Appellants insist that the will here in question served as a compliance with the above quoted Code section: That, among other things, said will (or written declaration) contained the following: "Six. I give and bequeath unto my son, Robert Smith, houses No. 1206 Moro Park and 323 53rd Street Fairfield." That this constituted and was a recognition by Jim Smith, the deceased testator, of Robert Smith as his son; that it designated his sex, set forth his name, and was a declaration in writing attested by two witnesses as provided for in said section 9300; and further met the requirements of the section by proof of its execution by the attesting witnesses, and the filing of same in the office of the judge of probate, and recording thereof on the minutes of that court.
This argument, while ingenious, fails to satisfy the requirements of the above quoted Code provisions. The statute contemplates a deliberate act on the part of the father, done for the purpose of legitimizing a bastard child. The will, the written instrument, relied on in the instant case to satisfy the statute, was executed for an entirely different purpose. Mere recognition, made privately or publicly, by the reputed father of a bastard child as his own, is not sufficient to legitimize it in this State. The testator, the reputed father, could well have intended to recognize Robert Smith as his son, and to make provision for him in his will without the intent to legitimize. Without such intent, the intent to legitimize, that result cannot be accomplished.

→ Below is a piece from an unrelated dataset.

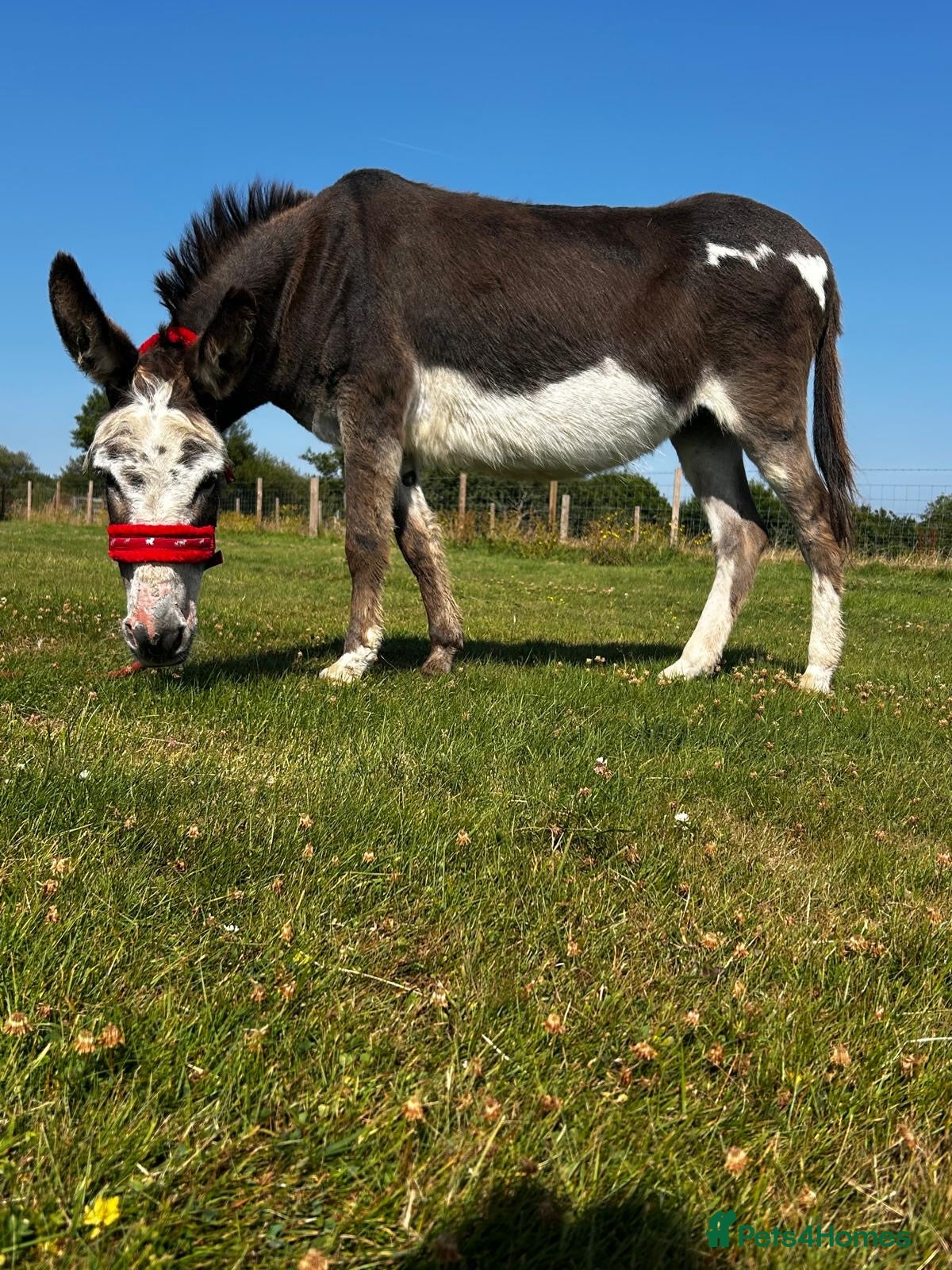 Donkey livestock Miniature Mediterranean Jenny  - Advert 4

The will, the written declaration relied on to legitimize Robert Smith, lacks some of the requirements of the statute, Section 9300, Code of 1923. The name of the mother is not stated; there is no statement that he thereby recognizes Robert as his child, and capable of inheriting his estate, real and personal, as if born in wedlock. One asserting that a bastard child has been legitimized by its father has the burden of proving it. The proof relied on in this cause does not meet that burden.
It follows that section 10622, Code of 1923, was not complied with, and no proper notice was given on which to predicate the probation of the will.
Affirmed.
GARDNER, C. J., and BOULDIN and FOSTER, JJ., concur.